EXERCISE PROMPT – Each entry must appear in the answer exactly as given.

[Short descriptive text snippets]
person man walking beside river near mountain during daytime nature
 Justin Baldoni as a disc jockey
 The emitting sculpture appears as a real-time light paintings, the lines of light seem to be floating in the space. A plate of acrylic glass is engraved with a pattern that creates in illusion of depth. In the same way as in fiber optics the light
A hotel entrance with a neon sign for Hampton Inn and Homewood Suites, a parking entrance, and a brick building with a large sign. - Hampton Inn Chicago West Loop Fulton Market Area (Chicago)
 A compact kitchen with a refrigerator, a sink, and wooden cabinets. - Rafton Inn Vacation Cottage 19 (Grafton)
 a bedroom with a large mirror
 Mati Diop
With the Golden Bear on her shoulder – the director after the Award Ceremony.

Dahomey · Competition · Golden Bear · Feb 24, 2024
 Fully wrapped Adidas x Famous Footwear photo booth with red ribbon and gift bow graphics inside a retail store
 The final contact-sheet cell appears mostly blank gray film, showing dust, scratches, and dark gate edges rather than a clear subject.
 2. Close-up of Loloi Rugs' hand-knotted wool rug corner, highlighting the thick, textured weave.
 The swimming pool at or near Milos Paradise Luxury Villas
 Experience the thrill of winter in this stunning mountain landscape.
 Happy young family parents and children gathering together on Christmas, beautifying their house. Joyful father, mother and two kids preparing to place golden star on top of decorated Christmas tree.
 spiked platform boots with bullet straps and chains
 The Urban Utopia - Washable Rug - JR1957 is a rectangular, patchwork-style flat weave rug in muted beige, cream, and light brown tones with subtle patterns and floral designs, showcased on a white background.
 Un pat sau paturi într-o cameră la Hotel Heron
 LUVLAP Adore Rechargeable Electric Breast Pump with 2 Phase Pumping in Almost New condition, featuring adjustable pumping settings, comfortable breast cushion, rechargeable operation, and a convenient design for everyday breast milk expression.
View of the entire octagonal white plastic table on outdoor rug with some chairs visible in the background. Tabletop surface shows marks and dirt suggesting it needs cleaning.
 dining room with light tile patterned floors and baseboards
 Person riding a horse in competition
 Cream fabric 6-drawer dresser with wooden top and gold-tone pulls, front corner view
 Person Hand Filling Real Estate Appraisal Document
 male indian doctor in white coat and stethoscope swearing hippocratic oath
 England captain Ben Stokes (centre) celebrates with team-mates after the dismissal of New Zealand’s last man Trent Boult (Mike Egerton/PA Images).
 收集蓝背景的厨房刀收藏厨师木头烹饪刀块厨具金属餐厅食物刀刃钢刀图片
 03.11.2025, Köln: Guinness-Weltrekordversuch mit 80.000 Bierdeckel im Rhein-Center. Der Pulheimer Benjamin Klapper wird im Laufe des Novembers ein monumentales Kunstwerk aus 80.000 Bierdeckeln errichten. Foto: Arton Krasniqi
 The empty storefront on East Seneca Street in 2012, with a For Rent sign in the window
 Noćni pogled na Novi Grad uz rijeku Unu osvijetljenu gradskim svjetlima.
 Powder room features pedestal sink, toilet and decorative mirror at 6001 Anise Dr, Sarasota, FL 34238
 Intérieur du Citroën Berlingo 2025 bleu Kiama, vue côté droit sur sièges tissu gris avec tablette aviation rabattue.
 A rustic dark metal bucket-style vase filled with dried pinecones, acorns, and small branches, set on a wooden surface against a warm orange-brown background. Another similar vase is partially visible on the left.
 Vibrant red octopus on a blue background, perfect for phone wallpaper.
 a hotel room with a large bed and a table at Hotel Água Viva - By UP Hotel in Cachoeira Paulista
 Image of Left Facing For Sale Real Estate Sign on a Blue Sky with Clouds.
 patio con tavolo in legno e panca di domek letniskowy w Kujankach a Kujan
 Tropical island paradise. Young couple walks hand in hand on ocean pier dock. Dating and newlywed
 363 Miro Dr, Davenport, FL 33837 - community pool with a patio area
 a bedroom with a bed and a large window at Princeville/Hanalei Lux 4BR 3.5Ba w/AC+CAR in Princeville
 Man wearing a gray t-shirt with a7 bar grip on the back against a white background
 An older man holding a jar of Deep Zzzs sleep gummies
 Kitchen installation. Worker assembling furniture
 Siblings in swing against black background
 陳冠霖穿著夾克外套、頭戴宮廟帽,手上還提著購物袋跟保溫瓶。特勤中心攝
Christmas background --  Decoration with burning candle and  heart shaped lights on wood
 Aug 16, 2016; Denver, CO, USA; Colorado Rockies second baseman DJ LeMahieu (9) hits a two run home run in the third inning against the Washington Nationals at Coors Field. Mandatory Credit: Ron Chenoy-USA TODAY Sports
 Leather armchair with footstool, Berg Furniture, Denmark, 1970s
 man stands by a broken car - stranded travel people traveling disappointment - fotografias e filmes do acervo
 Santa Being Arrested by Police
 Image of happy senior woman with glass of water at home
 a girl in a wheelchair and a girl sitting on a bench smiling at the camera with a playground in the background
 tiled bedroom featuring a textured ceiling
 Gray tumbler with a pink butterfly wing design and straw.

OUTPUT FOR THIS TASK –
person man walking beside river near mountain during daytime nature
 Justin Baldoni as a disc jockey
 The emitting sculpture appears as a real-time light paintings, the lines of light seem to be floating in the space. A plate of acrylic glass is engraved with a pattern that creates in illusion of depth. In the same way as in fiber optics the light
A hotel entrance with a neon sign for Hampton Inn and Homewood Suites, a parking entrance, and a brick building with a large sign. - Hampton Inn Chicago West Loop Fulton Market Area (Chicago)
 A compact kitchen with a refrigerator, a sink, and wooden cabinets. - Rafton Inn Vacation Cottage 19 (Grafton)
 a bedroom with a large mirror
 Mati Diop
With the Golden Bear on her shoulder – the director after the Award Ceremony.

Dahomey · Competition · Golden Bear · Feb 24, 2024
 Fully wrapped Adidas x Famous Footwear photo booth with red ribbon and gift bow graphics inside a retail store
 The final contact-sheet cell appears mostly blank gray film, showing dust, scratches, and dark gate edges rather than a clear subject.
 2. Close-up of Loloi Rugs' hand-knotted wool rug corner, highlighting the thick, textured weave.
 The swimming pool at or near Milos Paradise Luxury Villas
 Experience the thrill of winter in this stunning mountain landscape.
 Happy young family parents and children gathering together on Christmas, beautifying their house. Joyful father, mother and two kids preparing to place golden star on top of decorated Christmas tree.
 spiked platform boots with bullet straps and chains
 The Urban Utopia - Washable Rug - JR1957 is a rectangular, patchwork-style flat weave rug in muted beige, cream, and light brown tones with subtle patterns and floral designs, showcased on a white background.
 Un pat sau paturi într-o cameră la Hotel Heron
 LUVLAP Adore Rechargeable Electric Breast Pump with 2 Phase Pumping in Almost New condition, featuring adjustable pumping settings, comfortable breast cushion, rechargeable operation, and a convenient design for everyday breast milk expression.
View of the entire octagonal white plastic table on outdoor rug with some chairs visible in the background. Tabletop surface shows marks and dirt suggesting it needs cleaning.
 dining room with light tile patterned floors and baseboards
 Person riding a horse in competition
 Cream fabric 6-drawer dresser with wooden top and gold-tone pulls, front corner view
 Person Hand Filling Real Estate Appraisal Document
 male indian doctor in white coat and stethoscope swearing hippocratic oath
 England captain Ben Stokes (centre) celebrates with team-mates after the dismissal of New Zealand’s last man Trent Boult (Mike Egerton/PA Images).
 收集蓝背景的厨房刀收藏厨师木头烹饪刀块厨具金属餐厅食物刀刃钢刀图片
 03.11.2025, Köln: Guinness-Weltrekordversuch mit 80.000 Bierdeckel im Rhein-Center. Der Pulheimer Benjamin Klapper wird im Laufe des Novembers ein monumentales Kunstwerk aus 80.000 Bierdeckeln errichten. Foto: Arton Krasniqi
 The empty storefront on East Seneca Street in 2012, with a For Rent sign in the window
 Noćni pogled na Novi Grad uz rijeku Unu osvijetljenu gradskim svjetlima.
 Powder room features pedestal sink, toilet and decorative mirror at 6001 Anise Dr, Sarasota, FL 34238
 Intérieur du Citroën Berlingo 2025 bleu Kiama, vue côté droit sur sièges tissu gris avec tablette aviation rabattue.
 A rustic dark metal bucket-style vase filled with dried pinecones, acorns, and small branches, set on a wooden surface against a warm orange-brown background. Another similar vase is partially visible on the left.
 Vibrant red octopus on a blue background, perfect for phone wallpaper.
 a hotel room with a large bed and a table at Hotel Água Viva - By UP Hotel in Cachoeira Paulista
 Image of Left Facing For Sale Real Estate Sign on a Blue Sky with Clouds.
 patio con tavolo in legno e panca di domek letniskowy w Kujankach a Kujan
 Tropical island paradise. Young couple walks hand in hand on ocean pier dock. Dating and newlywed
 363 Miro Dr, Davenport, FL 33837 - community pool with a patio area
 a bedroom with a bed and a large window at Princeville/Hanalei Lux 4BR 3.5Ba w/AC+CAR in Princeville
 Man wearing a gray t-shirt with a7 bar grip on the back against a white background
 An older man holding a jar of Deep Zzzs sleep gummies
 Kitchen installation. Worker assembling furniture
 Siblings in swing against black background
 陳冠霖穿著夾克外套、頭戴宮廟帽,手上還提著購物袋跟保溫瓶。特勤中心攝
Christmas background --  Decoration with burning candle and  heart shaped lights on wood
 Aug 16, 2016; Denver, CO, USA; Colorado Rockies second baseman DJ LeMahieu (9) hits a two run home run in the third inning against the Washington Nationals at Coors Field. Mandatory Credit: Ron Chenoy-USA TODAY Sports
 Leather armchair with footstool, Berg Furniture, Denmark, 1970s
 man stands by a broken car - stranded travel people traveling disappointment - fotografias e filmes do acervo
 Santa Being Arrested by Police
 Image of happy senior woman with glass of water at home
 a girl in a wheelchair and a girl sitting on a bench smiling at the camera with a playground in the background
 tiled bedroom featuring a textured ceiling
 Gray tumbler with a pink butterfly wing design and straw.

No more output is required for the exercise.